_EXERCISE REQUIREMENTS_
Copy the listing below exactly. Pictures stay out of it.

_DATASET EXTRACT_
━━━

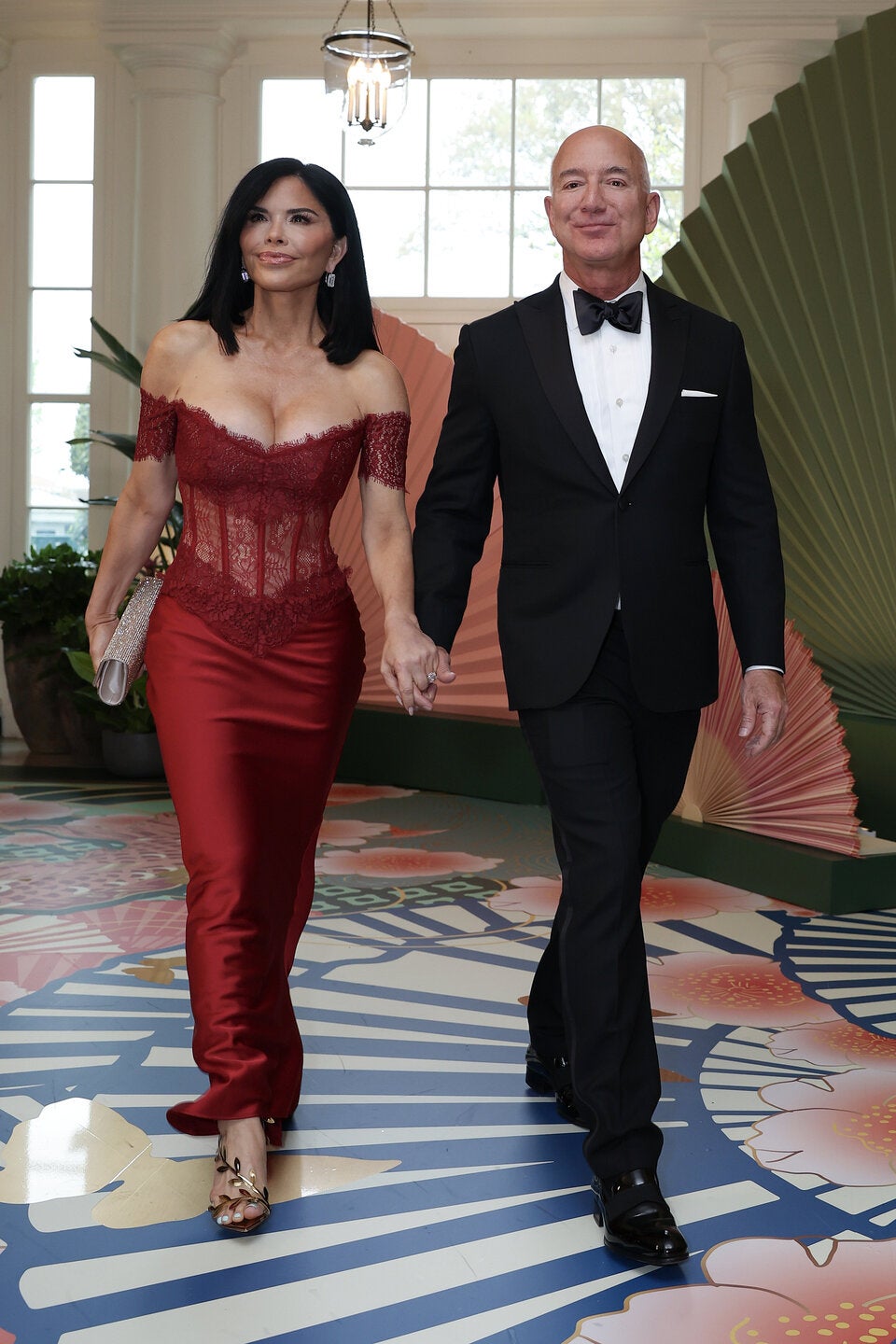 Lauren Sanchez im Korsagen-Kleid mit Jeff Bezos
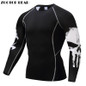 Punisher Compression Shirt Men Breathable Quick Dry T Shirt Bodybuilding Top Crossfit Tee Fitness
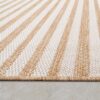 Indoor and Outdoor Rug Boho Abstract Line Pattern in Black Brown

━━━

_OUTPUT BELOW_
 Lauren Sanchez im Korsagen-Kleid mit Jeff Bezos
 Punisher Compression Shirt Men Breathable Quick Dry T Shirt Bodybuilding Top Crossfit Tee Fitness
 Indoor and Outdoor Rug Boho Abstract Line Pattern in Black Brown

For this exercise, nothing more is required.